[Directions]: The records below are to be copied exactly, with every picture left out.

[Records supplied]:
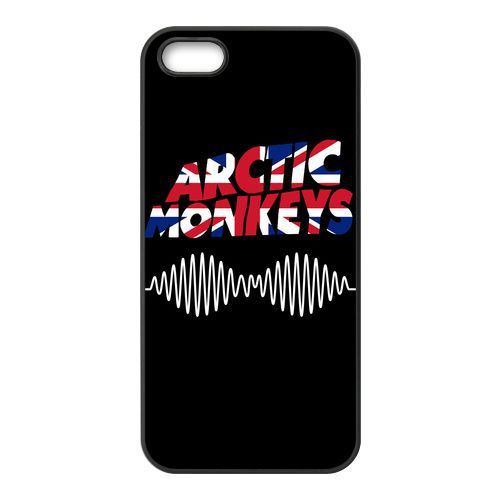 Arctic Monkeys Rock band Death Ramps Case Smartphone iPhone 4,5,6 Samsung Galaxy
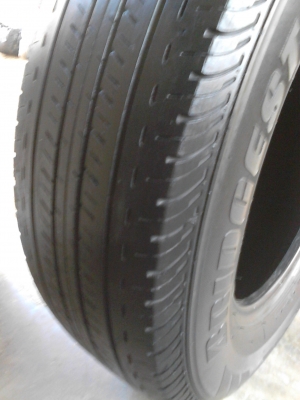 ฺBRIDGESTONE DURAVIS R611 205/70R15 มี 1 ล้อ TEL.081-427-3941 ฺBRIDGESTONE DURAVIS R611 205/70R15 มี 1 ล้อ TEL.081-427-3941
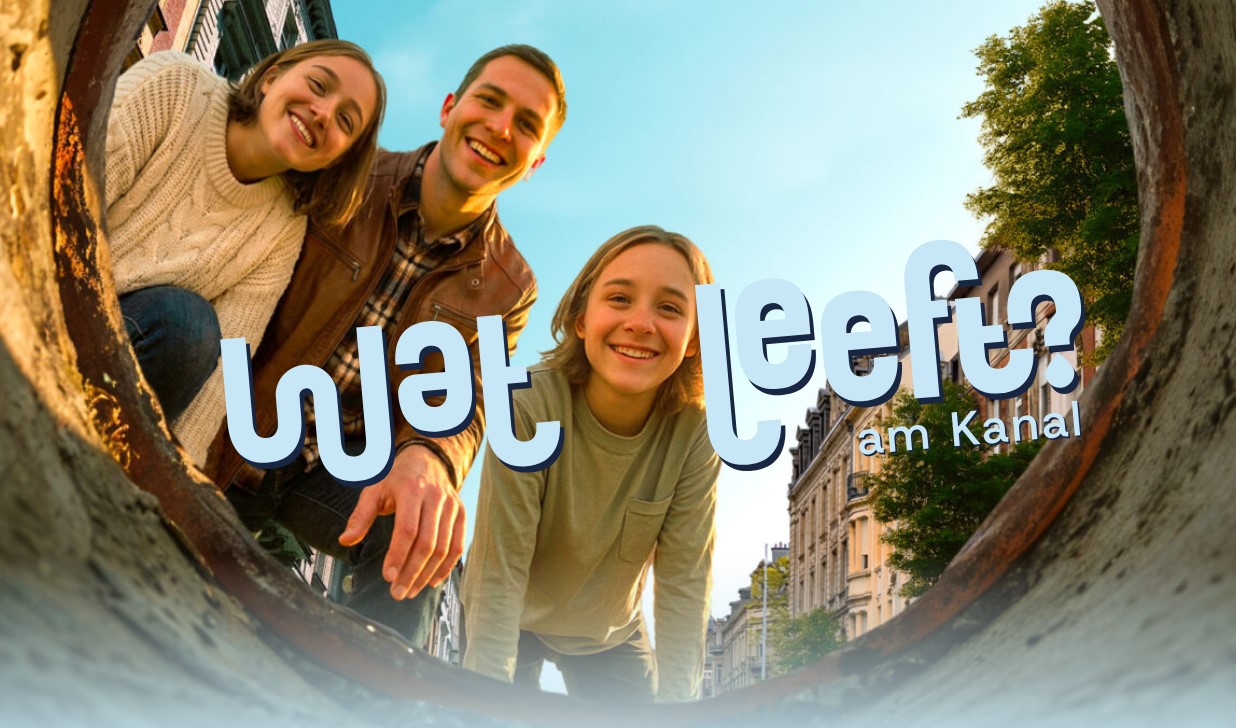 “Eaux usées - Wat leeft? : Wat kann een an d'Toilette oder an de Lavabo schëdden a wat net?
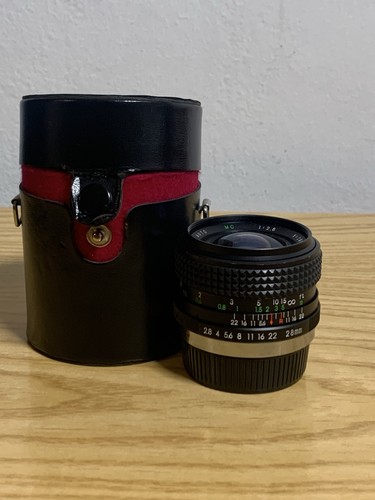Sun 28mm auto mc - sun,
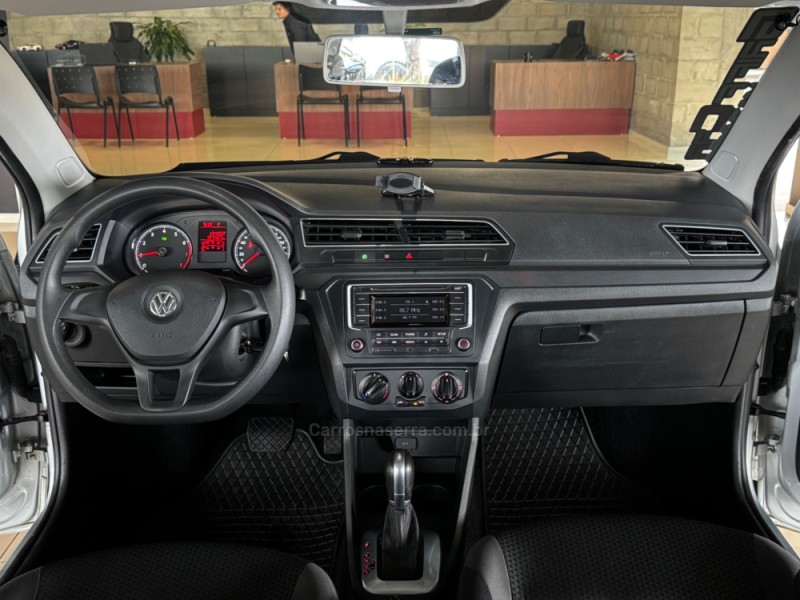 VOYAGE 1.6 MSI TOTALFLEX 4P AUTOMÁTICO - 2021 - DOIS IRMãOS
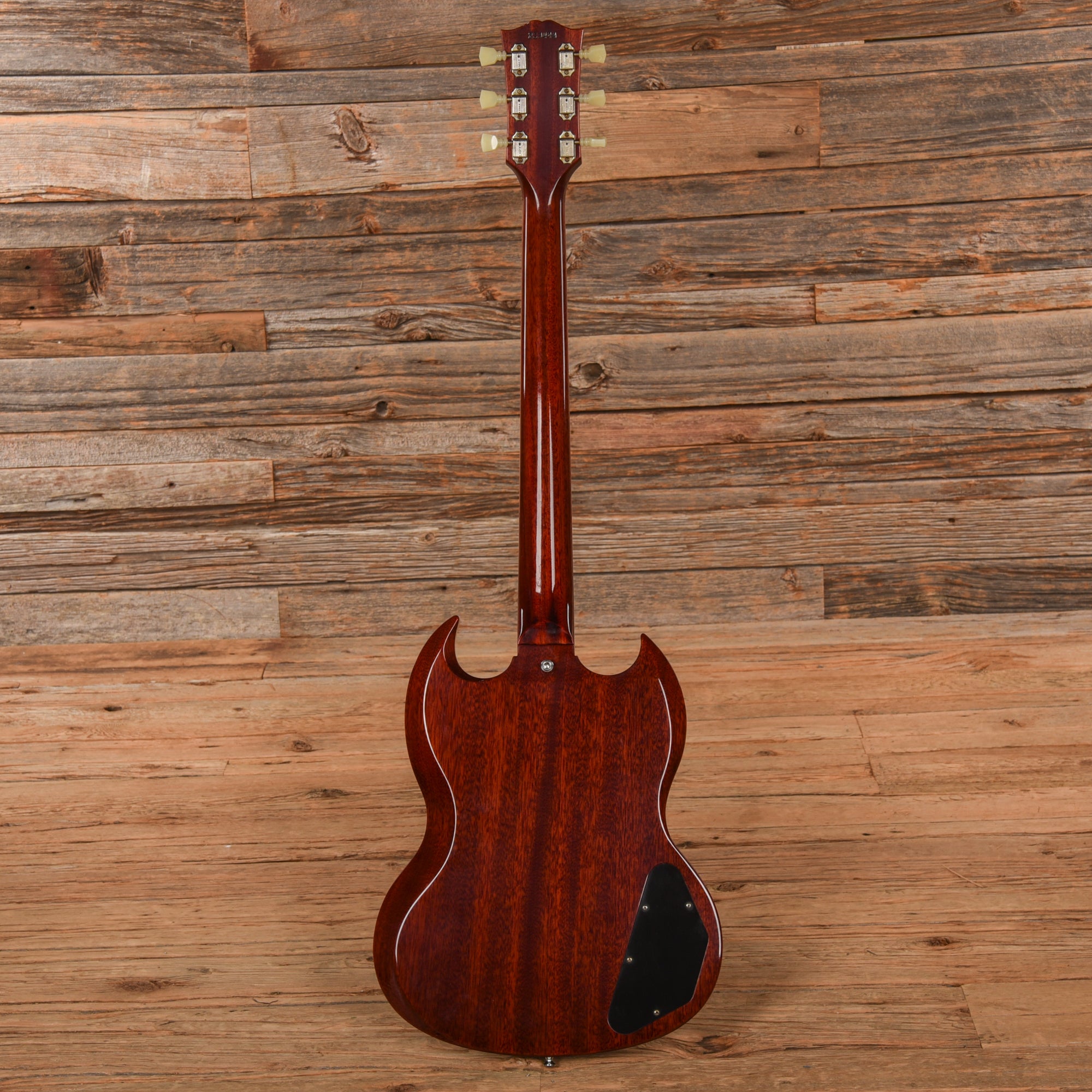 Gibson Custom 64 SG Standard w/ Maestro Vibrola Cherry 2022 Electric Guitars / Solid Body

[Your response]:
 Arctic Monkeys Rock band Death Ramps Case Smartphone iPhone 4,5,6 Samsung Galaxy
 ฺBRIDGESTONE DURAVIS R611 205/70R15 มี 1 ล้อ TEL.081-427-3941 ฺBRIDGESTONE DURAVIS R611 205/70R15 มี 1 ล้อ TEL.081-427-3941
 “Eaux usées - Wat leeft? : Wat kann een an d'Toilette oder an de Lavabo schëdden a wat net?
Sun 28mm auto mc - sun,
 VOYAGE 1.6 MSI TOTALFLEX 4P AUTOMÁTICO - 2021 - DOIS IRMãOS
 Gibson Custom 64 SG Standard w/ Maestro Vibrola Cherry 2022 Electric Guitars / Solid Body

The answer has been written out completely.